I had no idea that there were people whose senses overlapped like those who are synesthetic.  The thought of having a conversation with a person, or reading a book, and seeing different types of color and shapes intrigues me.  It also, in the more experimental form, allows me to imagine a whole different world of perceptual presentation in film.  I immediately see two actors speaking words, gun shots exploding, simple body movements that make sound with color (specifically, in my mind's eye I am seeing the scene from the Wachowski brothers 1999 film The Matrix, where Keanu Reeves is fighting Hugo Weaving and in slow motion dodging bullets from his gun).  The thought of cymatics is truly interesting as well.  I always knew sound had the capability to create movement but the precise and intentional creation of shapes through it was never something I considered.  Once again, in an experimental context, I could see the potential of cymatics.  It makes me think of films from Stan Brakhage in which he uses closes ups of intentionally colored and manipulated film stock throughout as a visual experience.  I imagine doing the same with a close up of sand or some type of lighter material, while manipulating it with sound waves.  I am sure this would create an intriguing visual experience.

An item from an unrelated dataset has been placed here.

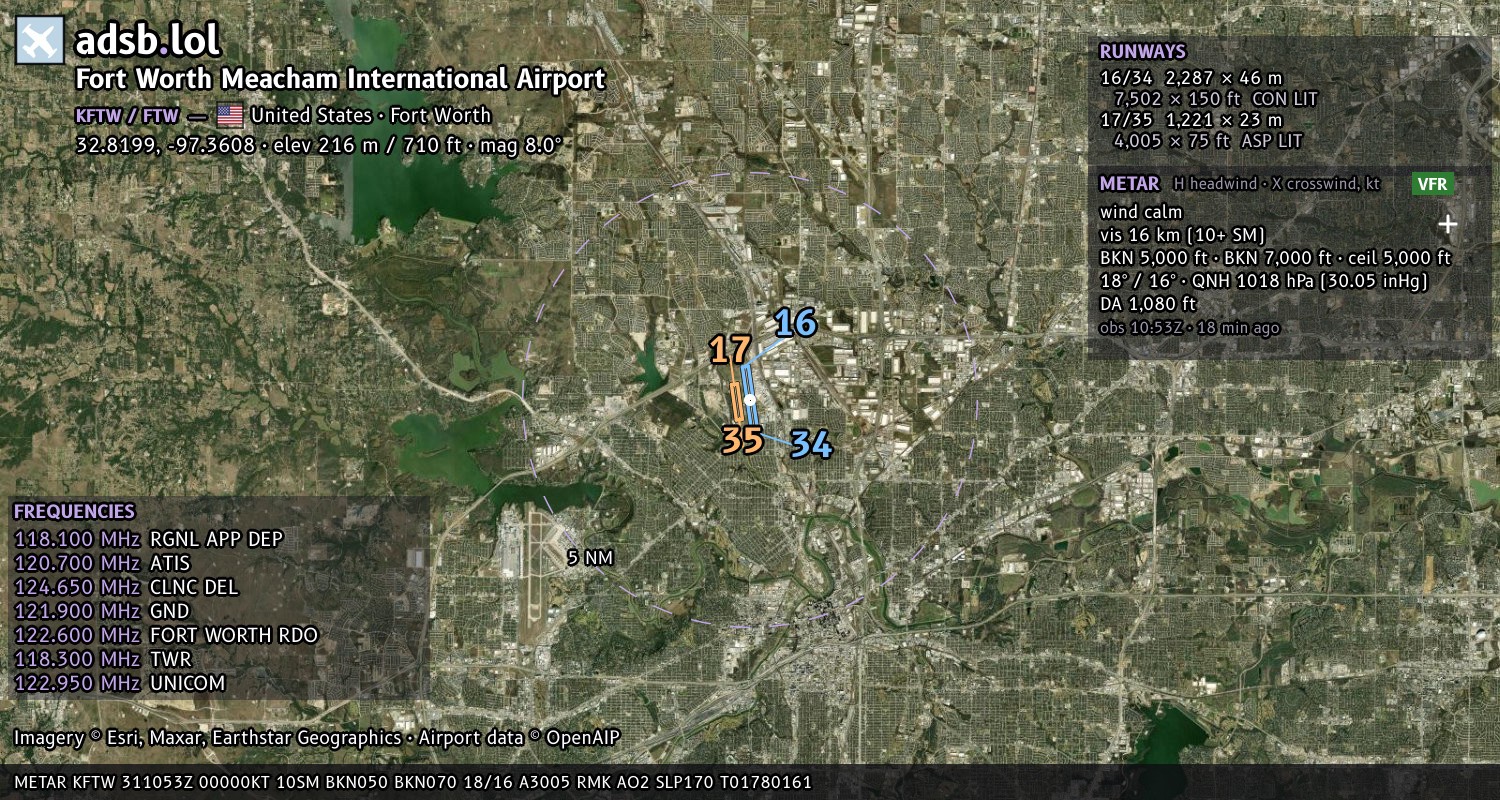 Satellite map with the runway layout of Fort Worth Meacham International Airport (KFTW)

Monday, September 29, 2014

Sound

I found the "Listen" video to be inspiring in more ways than one.  In another one of my classes this semester I am playing the role of sound mixer.  I have been contemplating how to best record content complimentary to our documentary footage on abandoned places that have been taken over by nature.  As part of my process for that class I have been watching videos online of feature film sound mixers and designers as well as reading Ric Viers "The Location Sound Bible."  Sound recording has never been something that I have focused upon prior to this semester when considering filmmaking, though I have always been a good listener in a relational sense.  Anyways, the video mentioned in the first sentence above has helped even further deepen my appreciation of sound design in general, both recorded and live.  I would say I agree more than nought with R. Murray Schafer's comments about this world, especially cities, being so noisy in a droning way that distinct sounds cannot be appreciated.  It has got to be interesting as a composer whose job is to listen to the tiniest of sounds in composing his/her work to walk into daily life with the same training ear, by habit paying attention to any sound that can be realized as distinct unto itself.  I look forward to testing this yet another doorway, in a sense, of greater perceptual intentionality studying film has opened to me.

Saturday, August 30, 2014

Begone Dull Care

The phrase "organized chaos" comes to mind.  I really enjoyed the jazz music and how the rhythm and tempo seemed to give the images limitations, which liberated the multitude of images by giving them a defined aural path to follow.  The abstractness of the images allowed for a certain type of interpretive freedom, fixating my mind on their motion rather than within previously established frames of understanding that may have been conveyed by other, less abstract images.  I found myself, as far as the ordered chaos is concerned, recollecting upon the work of a colony of ants as they work together to move to a new home; how that to my peering gaze they seem to be utterly crowding one another and without direction.  But, in fact, they are following a sense of direction beyond my observation.